++++ DATA

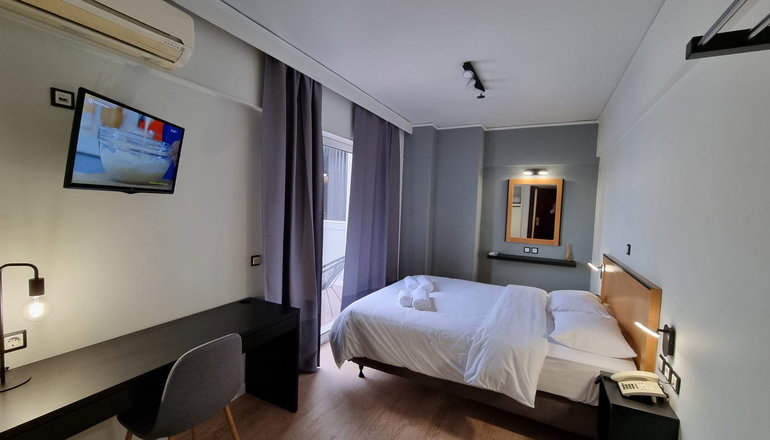 Savoy Hotel - Πειραιάς
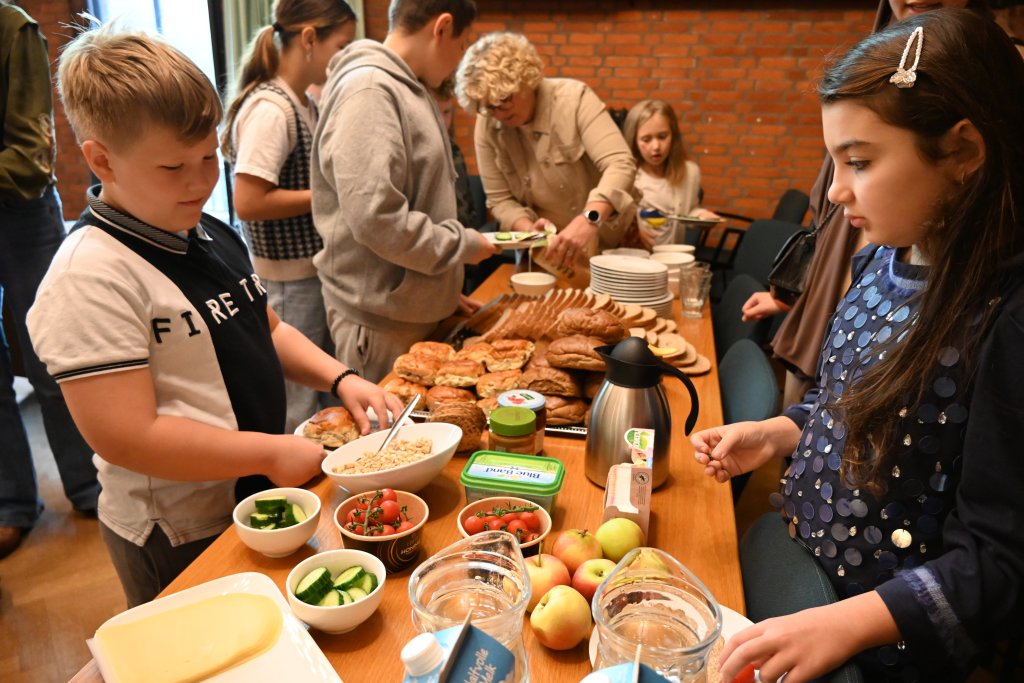 Foto taalklas Oekraïense kinderen tijdens het burgemeestersontbijt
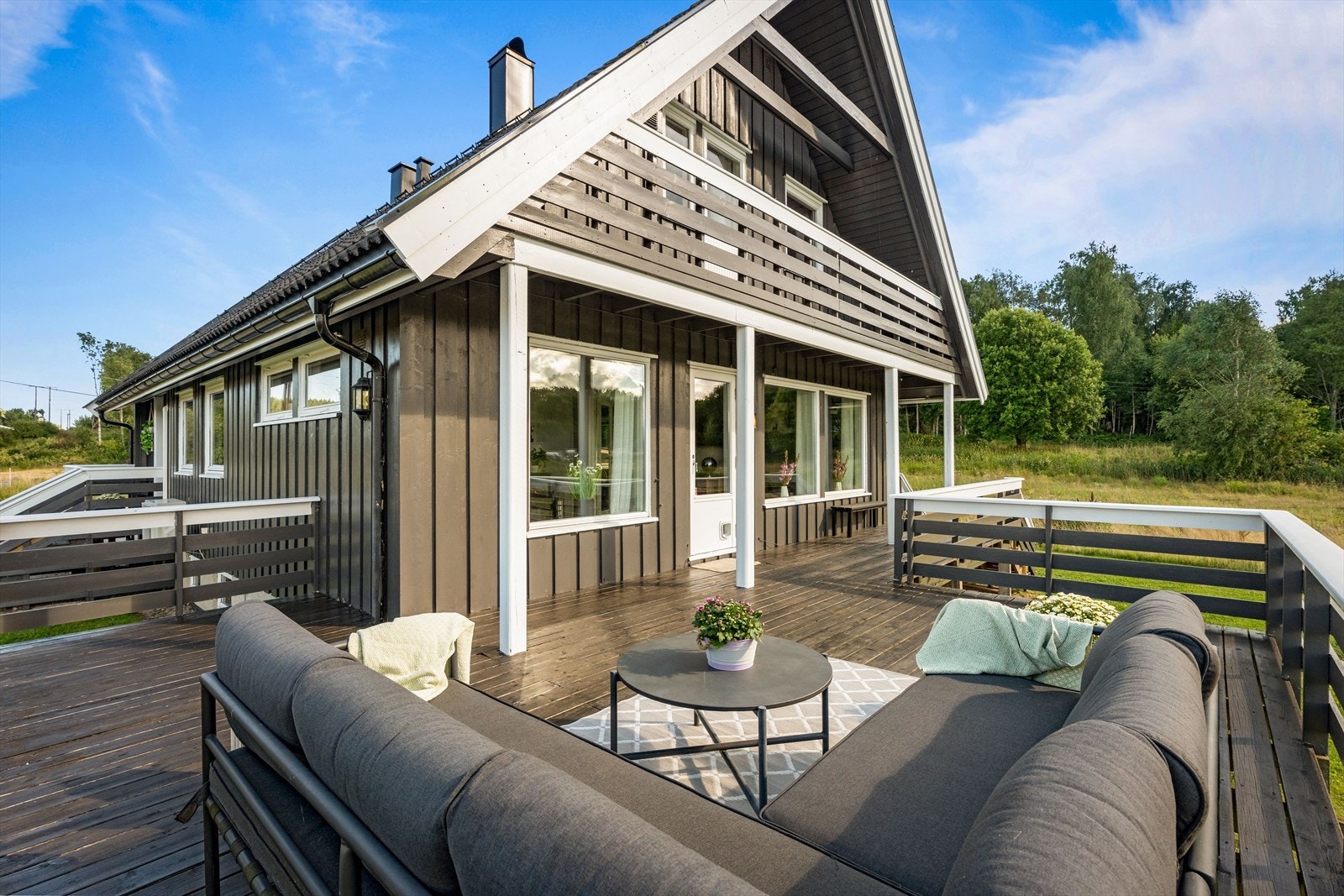 Beiset terrassebord og rekkverk med liggende bord. Galleribilde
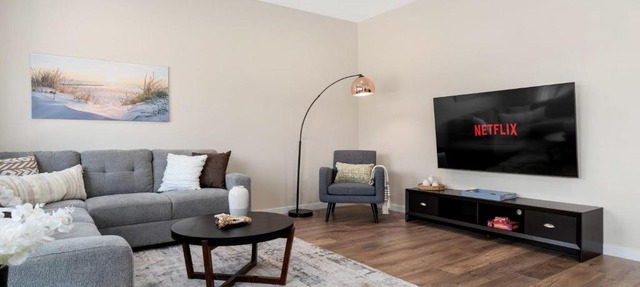 Upscale and Charming 3 Bedroom Home with King Bed in Sacramento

++++++++

§ **PROBLEM DESCRIPTION**:
The expected output is the complete listing, word for word, without any picture.

§ **RESPONSE**:
 Savoy Hotel - Πειραιάς
 Foto taalklas Oekraïense kinderen tijdens het burgemeestersontbijt
 Beiset terrassebord og rekkverk med liggende bord. Galleribilde
 Upscale and Charming 3 Bedroom Home with King Bed in Sacramento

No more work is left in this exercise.